EXERCISE
An exact copy of every entry is needed, without the pictures.

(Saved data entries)
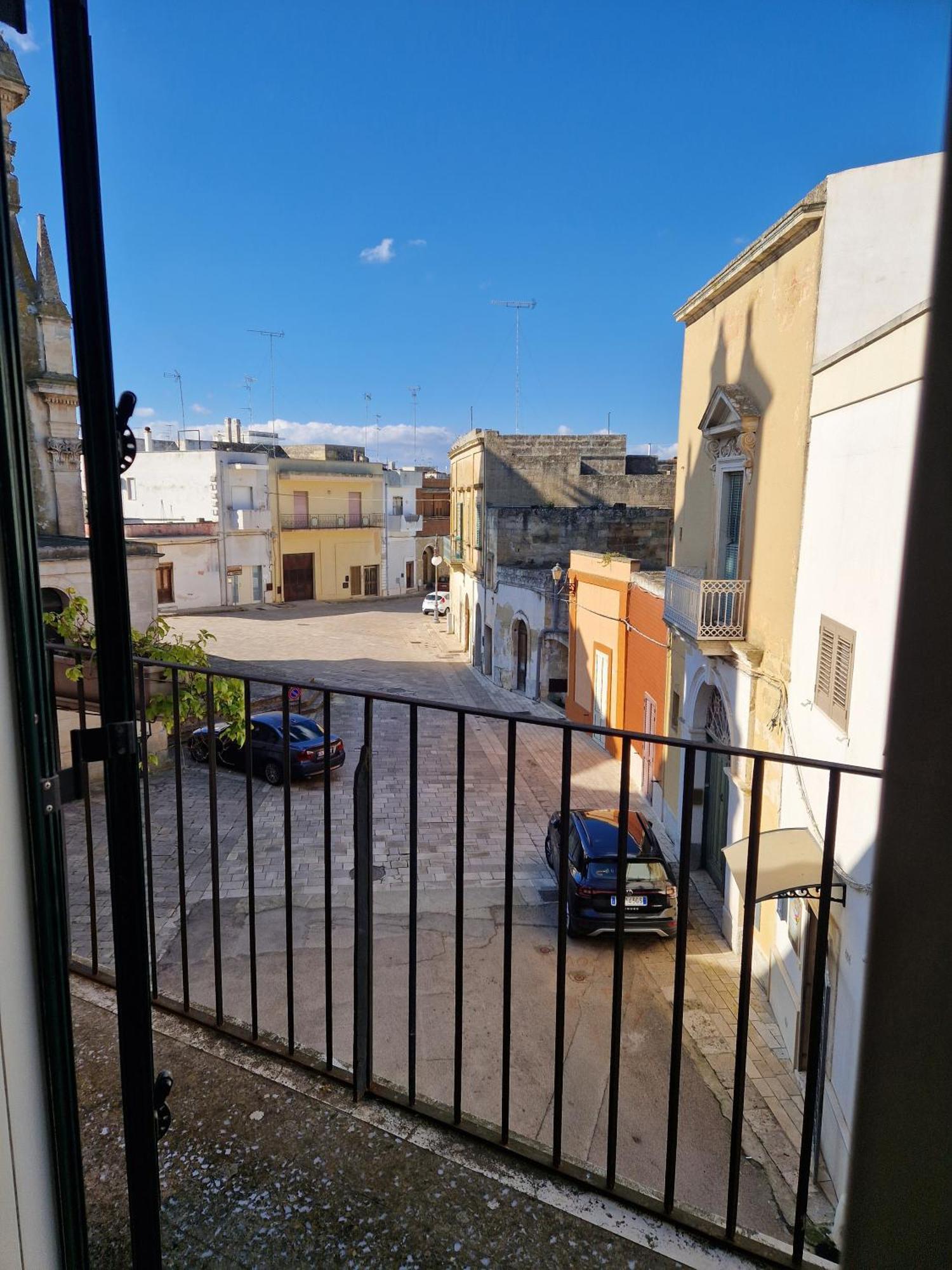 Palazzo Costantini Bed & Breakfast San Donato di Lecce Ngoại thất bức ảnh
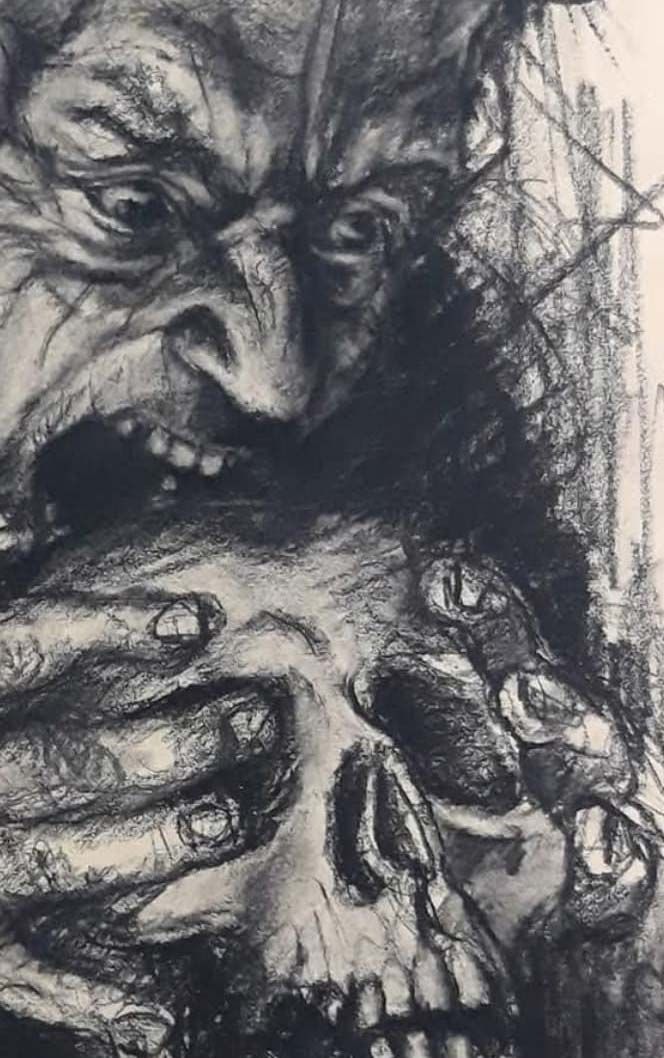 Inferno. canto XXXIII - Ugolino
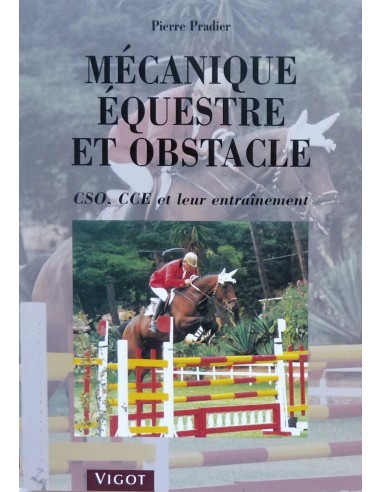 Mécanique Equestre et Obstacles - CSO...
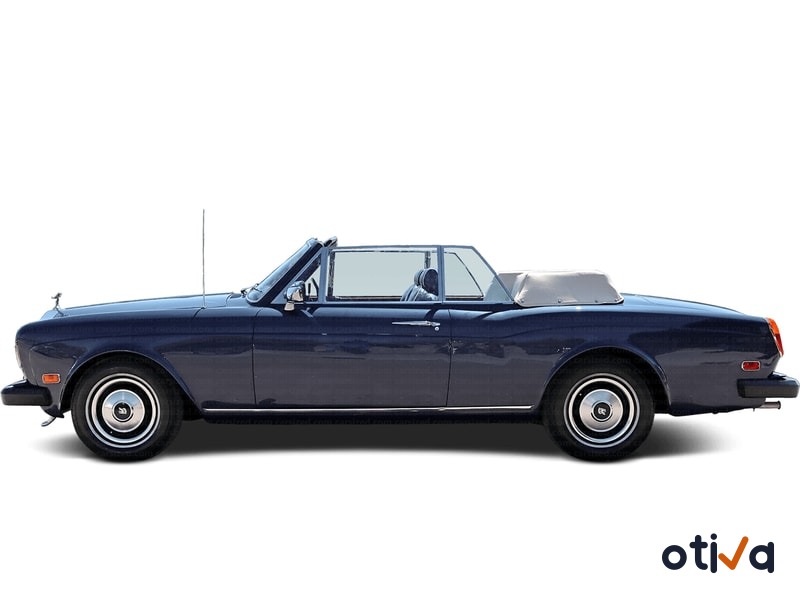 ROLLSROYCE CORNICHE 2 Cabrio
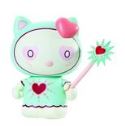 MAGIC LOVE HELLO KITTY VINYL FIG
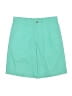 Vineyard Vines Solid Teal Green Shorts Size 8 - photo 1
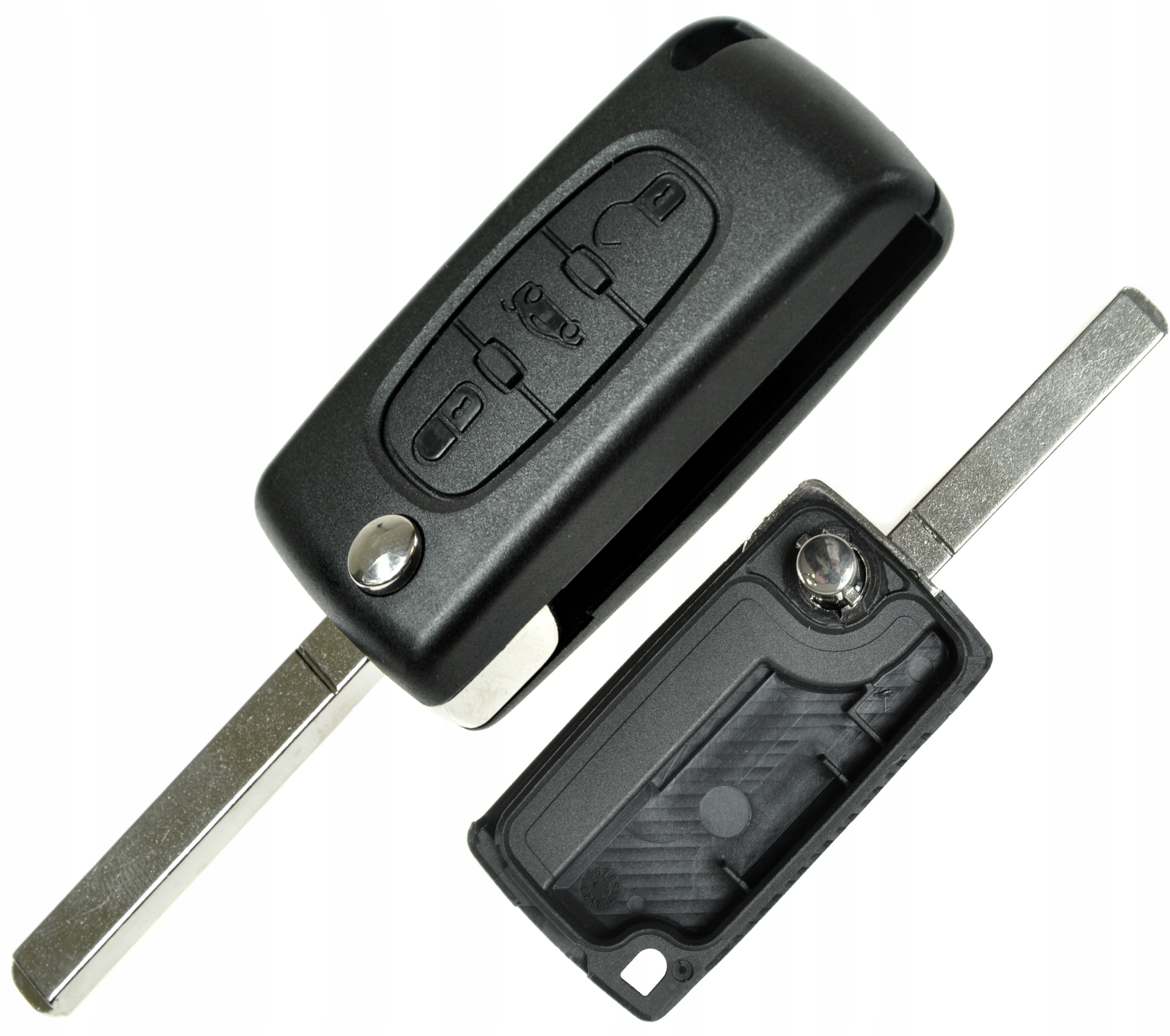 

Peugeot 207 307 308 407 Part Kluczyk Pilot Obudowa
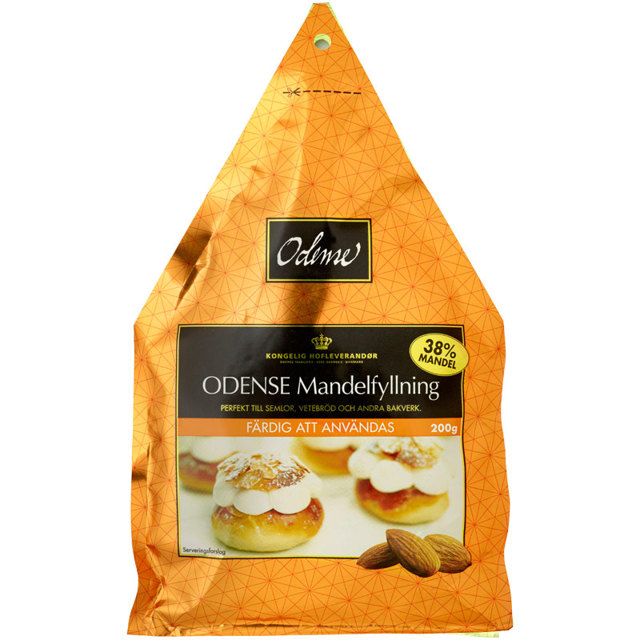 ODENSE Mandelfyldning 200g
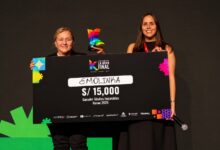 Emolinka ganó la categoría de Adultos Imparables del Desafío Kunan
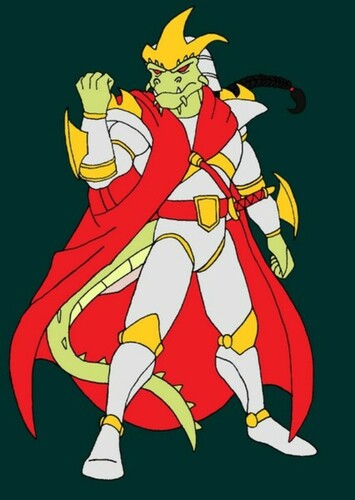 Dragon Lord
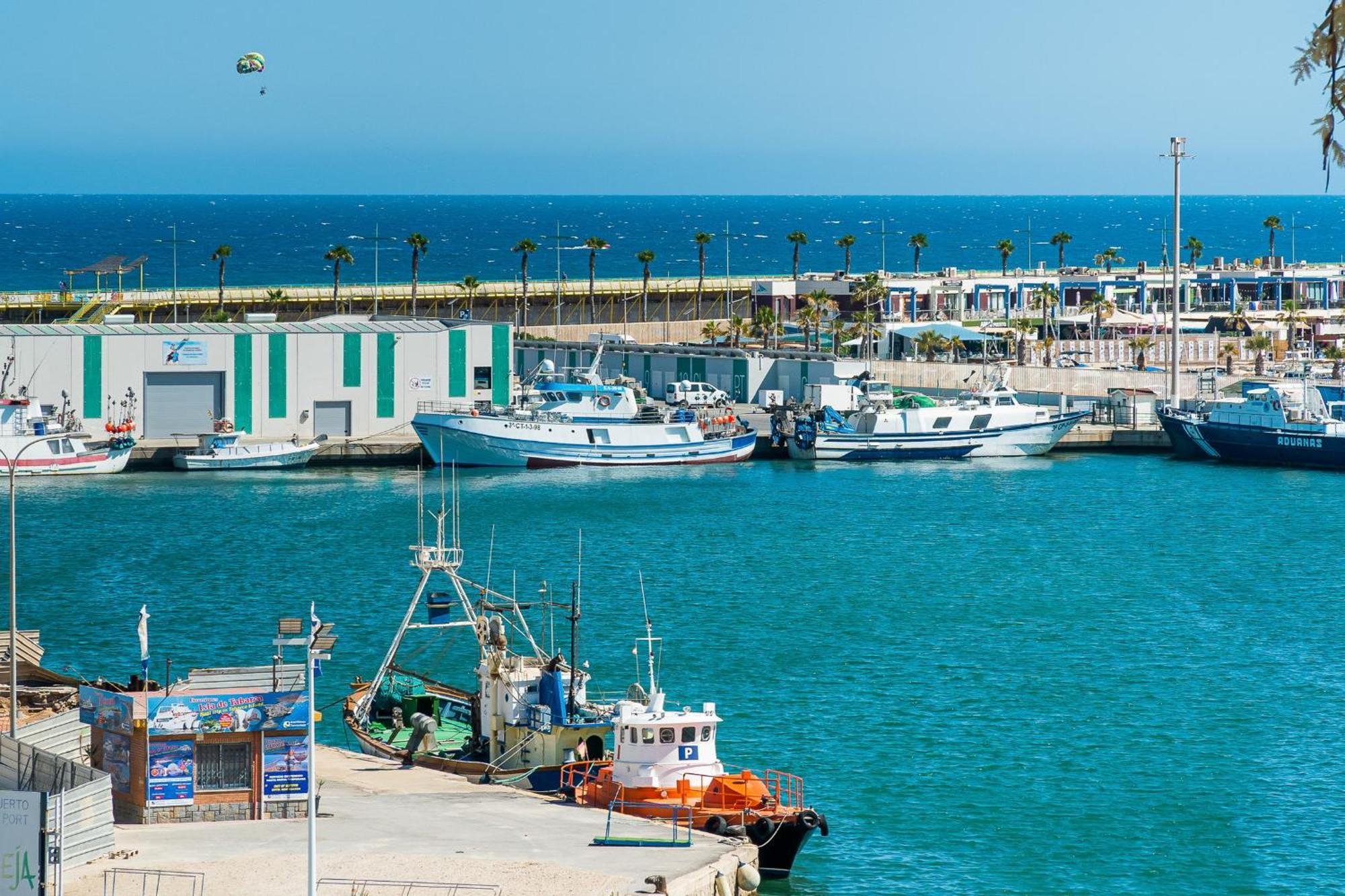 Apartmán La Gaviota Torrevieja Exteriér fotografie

SOLUTION FOR THIS PROBLEM
 Palazzo Costantini Bed & Breakfast San Donato di Lecce Ngoại thất bức ảnh
 Inferno. canto XXXIII - Ugolino
 Mécanique Equestre et Obstacles - CSO...
 ROLLSROYCE CORNICHE 2 Cabrio
 MAGIC LOVE HELLO KITTY VINYL FIG
 Vineyard Vines Solid Teal Green Shorts Size 8 - photo 1

Peugeot 207 307 308 407 Part Kluczyk Pilot Obudowa
 ODENSE Mandelfyldning 200g
 Emolinka ganó la categoría de Adultos Imparables del Desafío Kunan
 Dragon Lord
 Apartmán La Gaviota Torrevieja Exteriér fotografie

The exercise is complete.